Los dos últimos capítulos tratan sobre las relaciones internaciones de China durante la Revolución Cultural –y hasta qué punto el maoísmo trató de influenciar en el resto del mundo, en la senda de lo que recentísimo volumen de Julia Lovell, Maoísmo. Una historia global (Debate, 2021) ha realizado de modo mucho más extenso– y el reformismo de Deng en el marco del sistema burocrático finalmente vencedor en la Revolución Cultural. Yang, como decíamos antes, bascula en este grueso del libro entre lo que sucede en el centro del poder, el Comité Central del PCCh y las tensiones y divergencias en algunas provincias, lo cual hace suponer que las partes eliminadas de la versión original respecto a la traducción debían de indagar en cuestiones especializadas que, por razón de detalle, agotarían a un lector no especializado en el tema.
Con todo, este ir y venir de un lado a otro, sobre todo en una primera mitad del libro, no resulta un hándicap pues el detallismo de la narración de Yang casa bien con un estilo ameno, en el que lo biográfico –y las menciones autobiográficas del autor (nacido en 1940) y que en aquellos años trabajaba como periodista de la Agencia de Noticias Xinhua (organismo oficial de noticias del gobierno chino)– se entrelaza con las disquisiciones y debates de los plenos del Comité Central del PCCh, así como las experiencias de las víctimas de la Revolución Cultural, en una cifra indeterminada entre el medio millón y los dos millones de muertos. Así como los dos tomos de Dikötter constantemente dejan al lector espeluznado por la sucesión de masacres y hambrunas (y a la espera de leer el tercer tomo de su trilogía, dedicado también a la Revolución Cultural), en el caso del volumen de Yang encontramos un equilibrio en la narración entre la sucesión de los hechos y el trasfondo de la lucha entre bambalinas y las decisiones de Mao que repercuten en la violencia de los Guardis Rojos o la purga de los «contrarrevolucionarios» y «derechistas».

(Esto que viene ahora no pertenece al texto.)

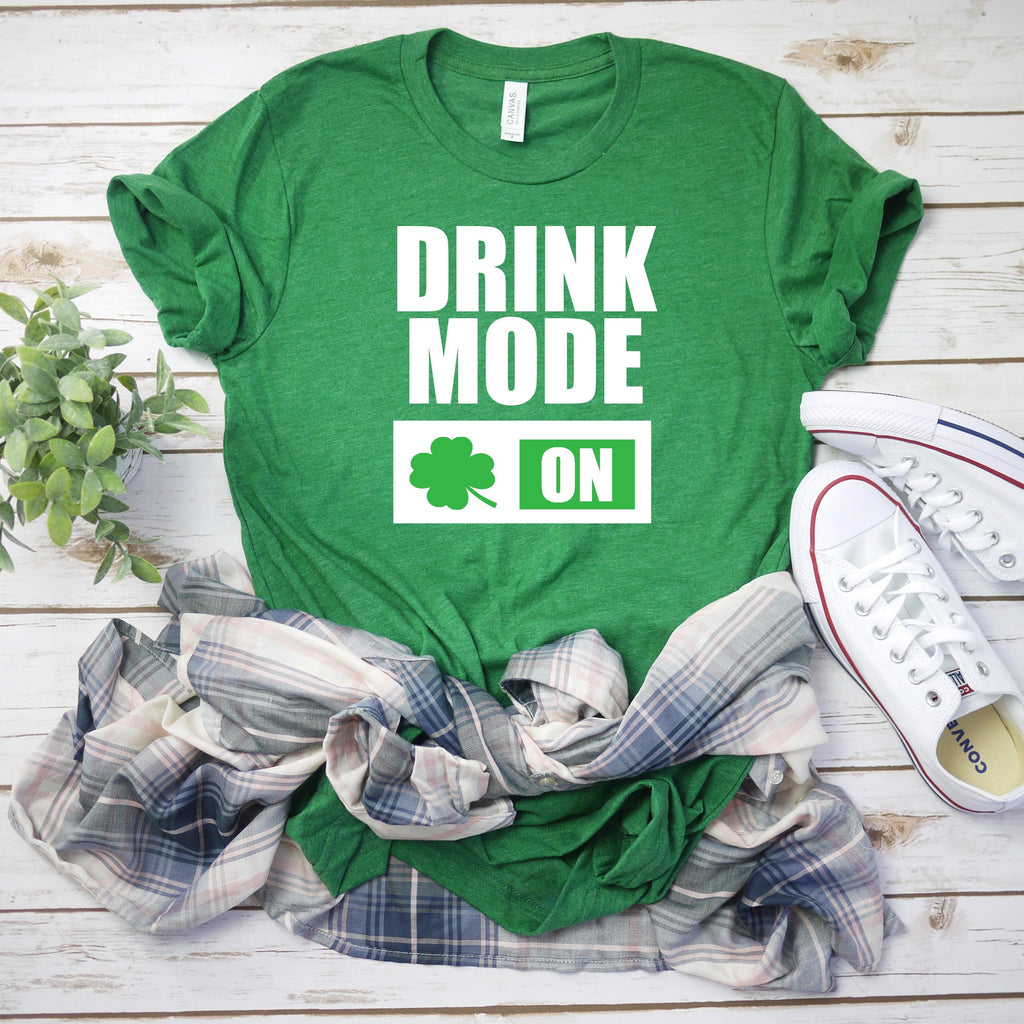 Drink Mode on - Drinking St. Patricks day shirt - Funny St Patty's day shirt -St Patty's day T-shirt - Cute Saint Patricks day shirt -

Como conclusión, estamos ante una obra de referencia sobre la Revolución Cultural por parte de un periodista chino que durante años ha tenido acceso a documentación oficial, memorias, monografías especializadas (generales y por provincias) y al trabajo de una pléyade de especialistas chinos que han trabajado en el tema en los últimos cuarenta años. Un libro, por tanto, que bien merece una traducción española.